Suppose that you have DC blocking cap C1 and band pass filter R1C4 and R4C2, then is a DC path through R3 needed? Or is there no reason that capacitor leakage would ever saturate that node (C1-R1-R3) to either rail?
Usually capacitor leakage in a circuit like that would not be an issue. But C1 and R3 do comprise a high-pass filter, which may not matter, or possibly it might matter, depending on the application requirements.
Thanks. Presumably it would have a net tendency if any towards mid rail anyway. Thus this is a non-issue and R3 does nothing useful. In any case it's nothing like a capacitor on an opamp input without a DC path.

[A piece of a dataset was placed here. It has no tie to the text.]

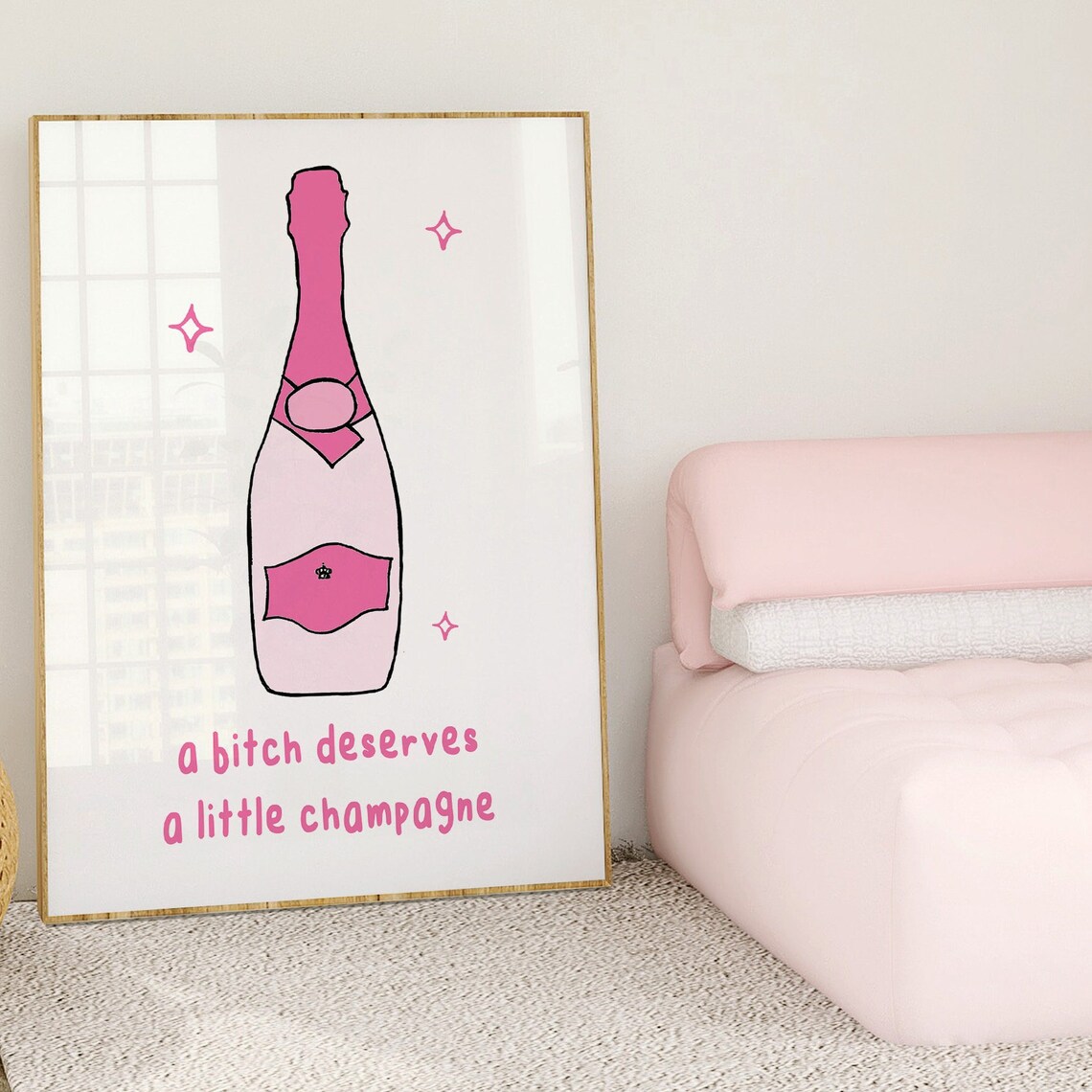 Pink Champagne Bottle Funny Brunch Party Celebration Quote Poster - Image 4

Is the input always ground biased and symmetric? if not you can slowly charge paths up. A high impedance dc leakage is generally good practice. The other thing to remember is an amplifier generally has a linear region and then will start to cause distortion the dc leakage path keeps the amplifier in its optimal linear region.
Thanks HWeng. The thing is, I was confused by the DC voltage between two caps being indeterminate. At least I think it's indeterminate. Later it occured to me that even if due to some asymmetry the DC voltage goes to whatever value, it doesn't matter so long as component ratings are not exceeded. It was a dumb question.
A high value resistor, over 100Kohms, will do no harm, and if there is for whatever reason, a bit of leakage, it will avoid what might become a problem. So for the price of the cheap resistor it is an OK addition.